We see that we started with an equation without a mass term but the exact solution describes a wave with a dispersion relation proper to a massive solution. This can be seen as the superposition of an infinite number of massive linear waves through a Fourier series of the Jacobi function, that is

${\displaystyle \phi (t,0)=\pm \mu \left({\frac {2}{\lambda }}\right)^{1 \over 4}\sum _{n=0}^{\infty }(-1)^{n}{\frac {2\pi }{K(i)}}{\frac {e^{\left(n+{1 \over 2}\right)\pi }}{1+e^{-(2n+1)\pi }}}\sin \left((2n+1){\frac {\pi }{2K(i)}}\left({\frac {\lambda }{2}}\right)^{1 \over 4}\mu t\right)}$

being ${\displaystyle K(i)}$ an elliptic integral.
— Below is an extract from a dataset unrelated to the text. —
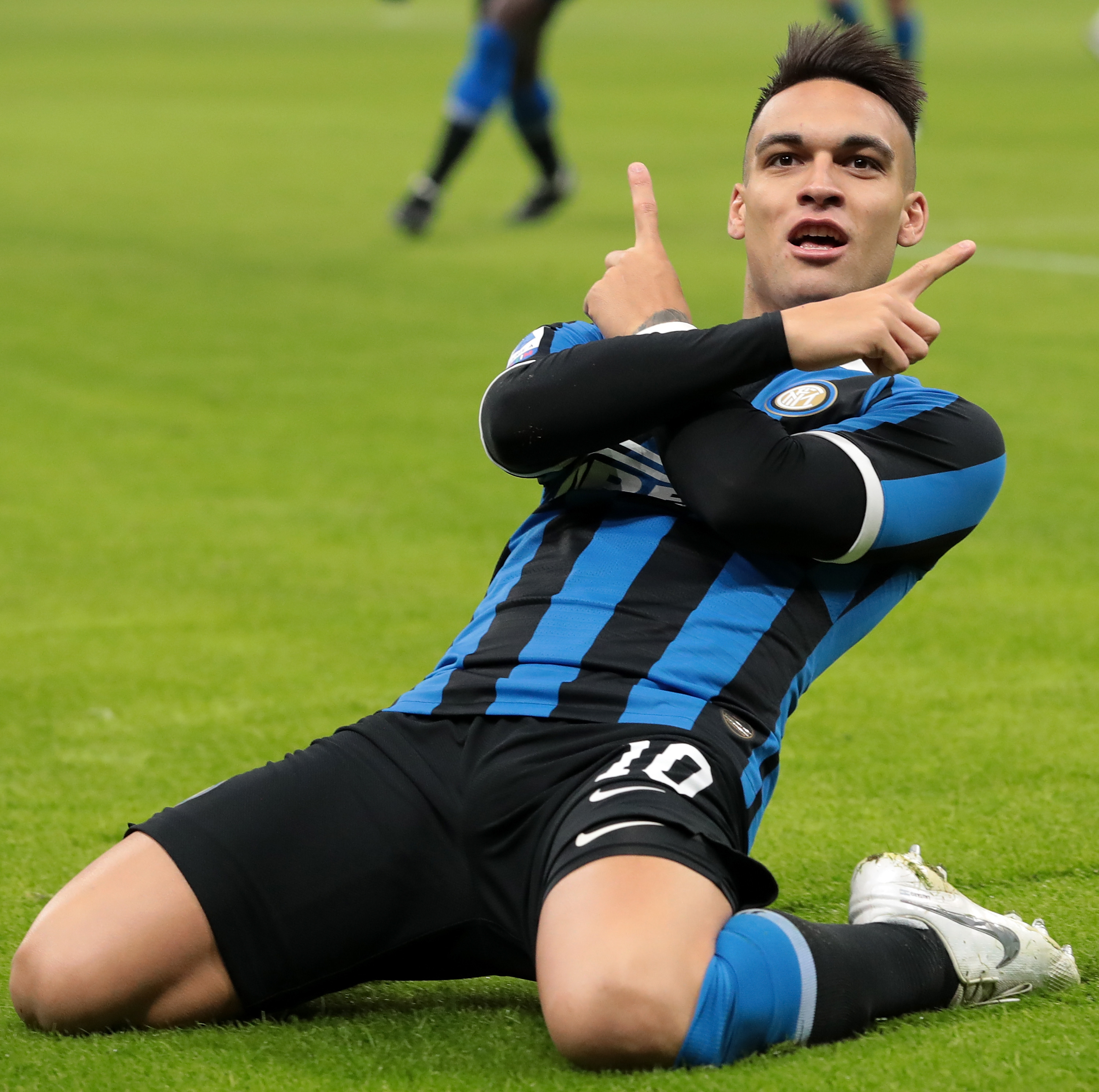 X 上的B/R Football：「One goal. Three different celebrations. Lautaro Martinez  enjoyed it  https://t.co/MYQQcdkGNA」 / X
We recognize the "spectrum"

${\displaystyle m_{n}=(2n+1){\frac {\pi }{2K(i)}}\left({\frac {\lambda }{2}}\right)^{1 \over 4}\mu .}$

But a meaning as a mass spectrum can only be given within a quantum field theory FraB2006.

Similarly, when there is a mass term as in

${\displaystyle -\Box \phi +\mu _{0}^{2}\phi +\lambda \phi ^{3}=0}$

the exact solution is given by

${\displaystyle \phi (x)=\pm {\sqrt {\frac {2\mu ^{4}}{\mu _{0}^{2}+{\sqrt {\mu _{0}^{4}+2\lambda \mu ^{4}}}}}}{\rm {sn}}\left(p\cdot x+\theta ,{\sqrt {\frac {-\mu _{0}^{2}+{\sqrt {\mu _{0}^{4}+2\lambda \mu ^{4}}}}{-\mu _{0}^{2}-{\sqrt {\mu _{0}^{4}+2\lambda \mu ^{4}}}}}}\right)}$

being now the dispersion relation

${\displaystyle p^{2}=\mu _{0}^{2}+{\frac {\lambda \mu ^{4}}{\mu _{0}^{2}+{\sqrt {\mu _{0}^{4}+2\lambda \mu ^{4}}}}}.}$

Finally, we can write down the exact solution for the case

${\displaystyle -\Box \phi -\mu _{0}^{2}\phi +\lambda \phi ^{3}=0}$

that is given by

${\displaystyle \phi (x)=\pm v\cdot {\rm {dn}}(p\cdot x+\theta ,i),}$

being ${\displaystyle v={\sqrt {\frac {2\mu _{0}^{2}}{3\lambda }}}}$ and the following dispersion relation holds

${\displaystyle p^{2}={\frac {\lambda v^{2}}{2}}.}$

These wave solutions are interesting as, notwithstanding we started with an equation with a wrong mass sign, the dispersion relation has the right one. Besides, Jacobi function ${\displaystyle \,{\rm {dn}}\!}$ has no real zeros and so the field is never zero but moves around a given constant value that is initially chosen. This effect is known as spontaneous breaking of symmetry in physics.